START Data below
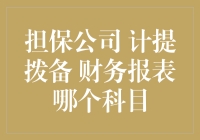 担保公司作为财务主体：拨备计提与财务报表科目的逻辑贯通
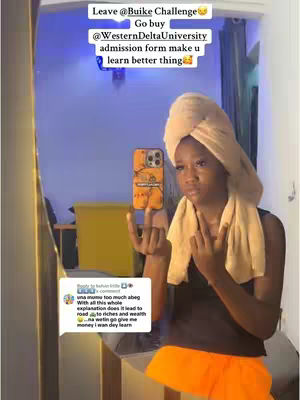 A person is reflected in a mirror, holding up two fingers and a phone, with text overlays at the top and a comment bubble at the bottom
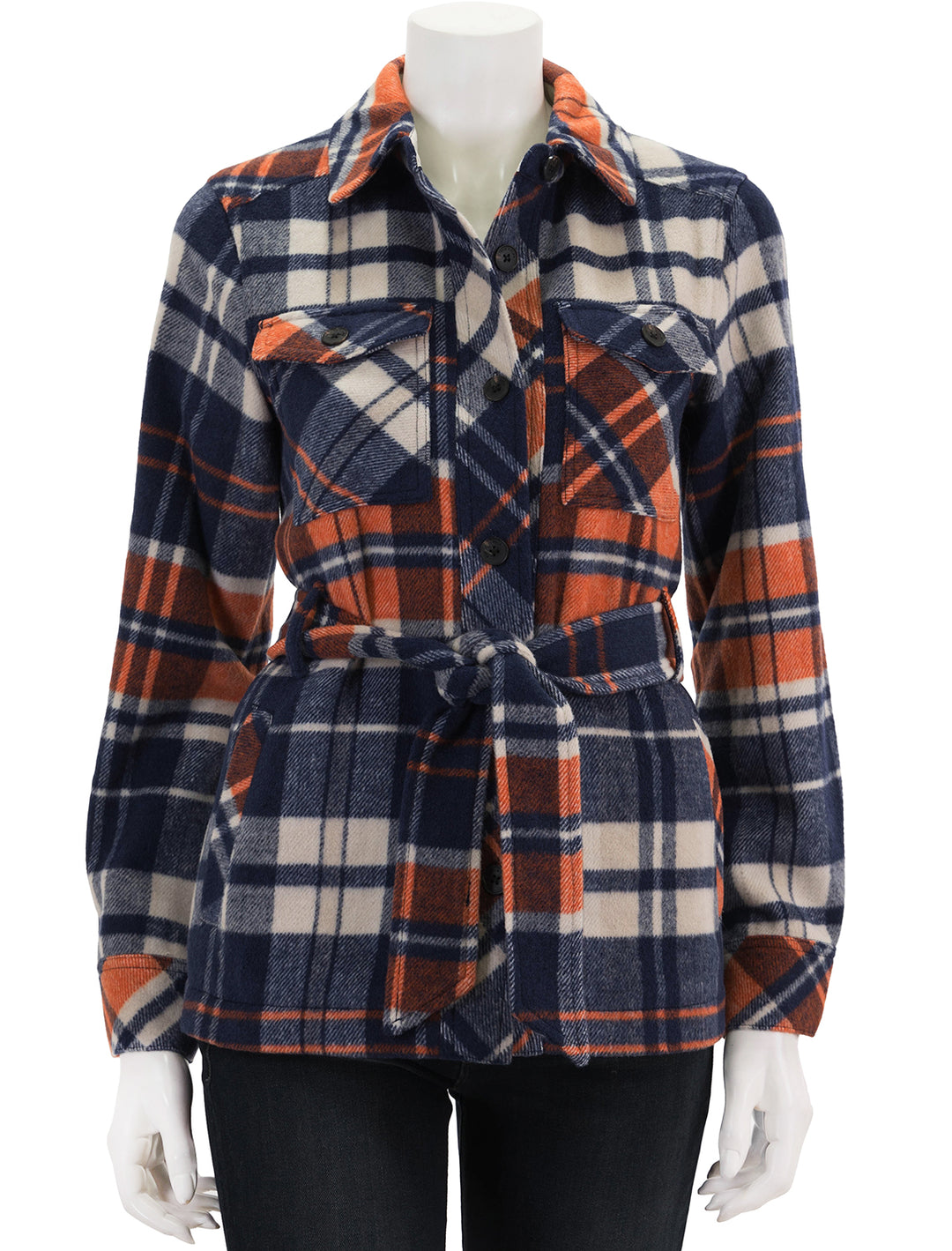 Front view of Scotch & Soda's Wool Bend Checked Belted Overshirt.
END Data below
Give back the whole listing as it stands, minus its pictures.

 担保公司作为财务主体：拨备计提与财务报表科目的逻辑贯通
 A person is reflected in a mirror, holding up two fingers and a phone, with text overlays at the top and a comment bubble at the bottom
 Front view of Scotch & Soda's Wool Bend Checked Belted Overshirt.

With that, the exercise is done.